How would you answer? Discuss with a neighbor.

4. Histograms

Earlier, we computed the average pay among the CEOs in our 102-CEO dataset. The average doesn't tell us everything about the amounts CEOs are paid, though. Maybe just a few CEOs make the bulk of the money, even among these 102.

We can use a histogram to display more information about a set of numbers. The table method hist takes a single argument, the name of a column of numbers. It produces a histogram of the numbers in that column.

Question 1. Make a histogram of the pay of the CEOs in compensation.


In [ ]:
...

Question 2. Looking at the histogram, how many CEOs made more than \$30 million? (Answer the question by filling in your answer manually. You'll have to do a bit of arithmetic; feel free to use Python as a calculator.)


In [ ]:
num_ceos_more_than_30_million = ...

Question 3. Answer the same question with code. Hint: Use the table method where and the property num_rows.


In [ ]:
num_ceos_more_than_30_million_2 = ...
num_ceos_more_than_30_million_2

In [ ]:
_ = tests.grade('q4_3')

Question 4. Do most CEOs make around the same amount, or are there some who make a lot more than the rest? Discuss with someone near you.

5. Randomness

Data scientists also have to be able to understand randomness. For example, they have to be able to assign individuals to treatment and control groups at random, and then try to say whether any observed differences in the outcomes of the two groups are simply due to the random assignment or genuinely due to the treatment.

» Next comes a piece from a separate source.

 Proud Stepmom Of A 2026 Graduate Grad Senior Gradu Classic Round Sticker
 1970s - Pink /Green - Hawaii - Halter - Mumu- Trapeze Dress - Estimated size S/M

To start off, we will use Python to make choices at random. In numpy there is a sub-module called random that contains many functions that involve random selection. One of these functions is called choice. It picks one item at random from an array, and it is equally likely to pick any of the items. The function call is np.random.choice(array_name), where array_name is the name of the array from which to make the choice. Thus the following code evaluates to treatment with chance 50%, and control with chance 50%. Run the next code block several times and see what happens.


In [ ]:
two_groups = make_array('treatment', 'control')
np.random.choice(two_groups)

The big difference between the code above and all the other code we have run thus far is that the code above doesn't always return the same value. It can return either treatment or control, and we don't know ahead of time which one it will pick. We can repeat the process by providing a second argument, the number of times to repeat the process. In the choice function we just used, we can add an optional second argument that tells the function how many times to make a random selection. Try it below:


In [ ]:
np.random.choice(two_groups, 10)

If we wanted to determine whether the random choice made by the function random is really fair, we could make a random selection a bunch of times and then count how often each selection shows up. In the next few code blocks, write some code that calls the choice function on the two_groups array one thousand times. Then, print out the percentage of occurrences for each of treatment and control. A useful function called Counter will be helpful; look at the code comments to see how it works!


In [ ]:
# replace ... with code that will run the 'choice' function 1000 times;
# the resulting array of choices will then have the name 'exp_results'
exp_results = ...

In [ ]:
from collections import Counter

Counter(exp_results) 
# the output from Counter tells you how many times 'treatment' and 'control' appear in the array
# produced by 'choice'; run this cell to see the output

In [ ]:
# use the info provided by 'Counter' to print the percentage of times 'treatment' and 'control'
# were selected
print(...) # print percentage for 'treatment' here
print(...) # print percentage for 'control' here

A fundamental question about random events is whether or not they occur. For example:

  • Did an individual get assigned to the treatment group, or not?
  • Is a gambler going to win money, or not?
  • Has a poll made an accurate prediction, or not?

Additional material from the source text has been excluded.